[Start of section]

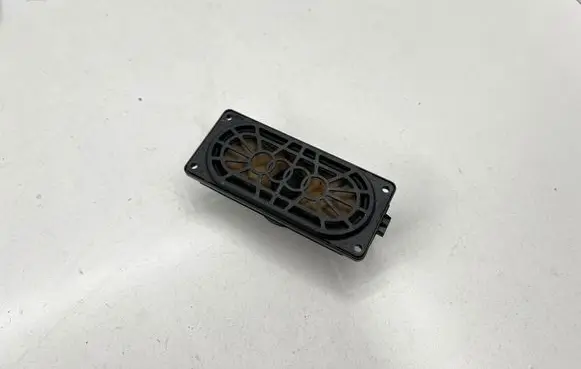 Audi TT TTS Mk2 Panel speaker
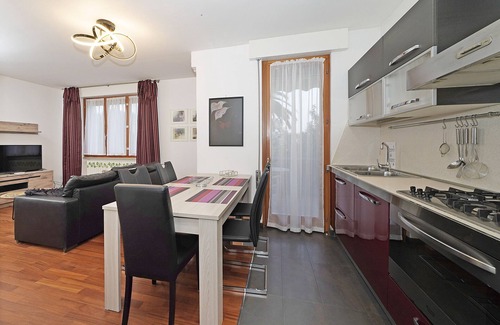 Toscolano Maderno Apartment | Residence Mimosa PT/2 by Wonderful Italy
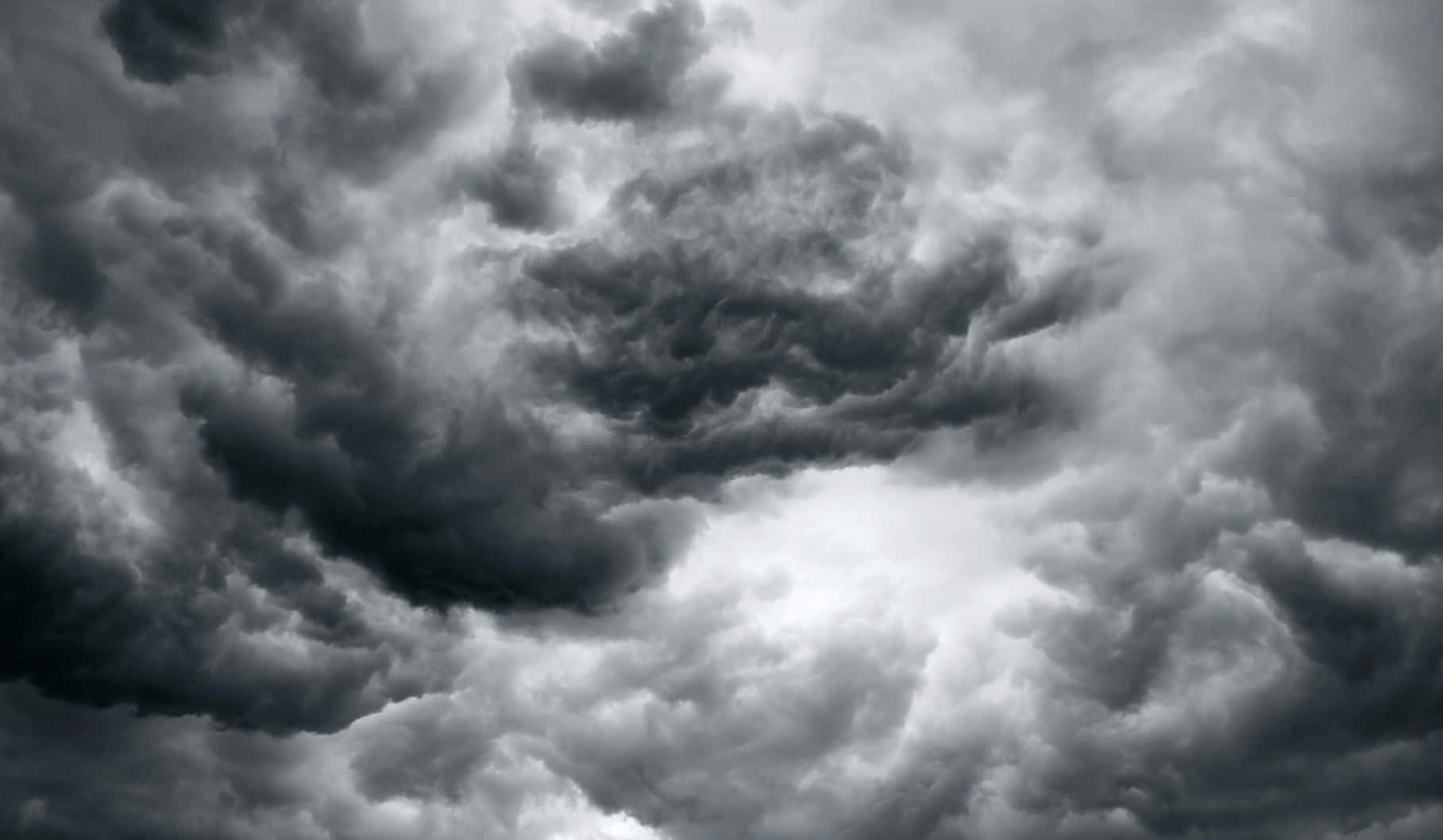 Black And White Storm 桌布 壁紙 — 戲劇性的單色風暴雲在動盪的天空中旋轉，帶有深邃的陰影和明亮的高光。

[End of section]

WORK ORDER:
No pictures belong in the copy. Repeat the listing above exactly.

RESPONSE TO THE EXERCISE:
 Audi TT TTS Mk2 Panel speaker
 Toscolano Maderno Apartment | Residence Mimosa PT/2 by Wonderful Italy
 Black And White Storm 桌布 壁紙 — 戲劇性的單色風暴雲在動盪的天空中旋轉，帶有深邃的陰影和明亮的高光。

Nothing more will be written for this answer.